- Prompt -
Check each line of the listing for the word "Used" and give only the number of lines that have it.

- Material for the task -
============

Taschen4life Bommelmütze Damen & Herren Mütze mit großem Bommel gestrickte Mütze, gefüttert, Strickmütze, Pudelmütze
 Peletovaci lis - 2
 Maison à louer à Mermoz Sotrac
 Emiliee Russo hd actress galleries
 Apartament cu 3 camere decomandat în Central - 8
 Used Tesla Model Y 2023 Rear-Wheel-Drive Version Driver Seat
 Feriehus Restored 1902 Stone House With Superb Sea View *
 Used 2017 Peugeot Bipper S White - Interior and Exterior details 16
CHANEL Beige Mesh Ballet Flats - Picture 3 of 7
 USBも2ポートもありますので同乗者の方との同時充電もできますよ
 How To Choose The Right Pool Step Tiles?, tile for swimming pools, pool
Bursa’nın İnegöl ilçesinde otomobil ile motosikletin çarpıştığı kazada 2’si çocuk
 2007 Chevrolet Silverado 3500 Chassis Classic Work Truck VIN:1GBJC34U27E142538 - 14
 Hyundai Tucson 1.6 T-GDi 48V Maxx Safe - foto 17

============

- Answer to this exercise -
2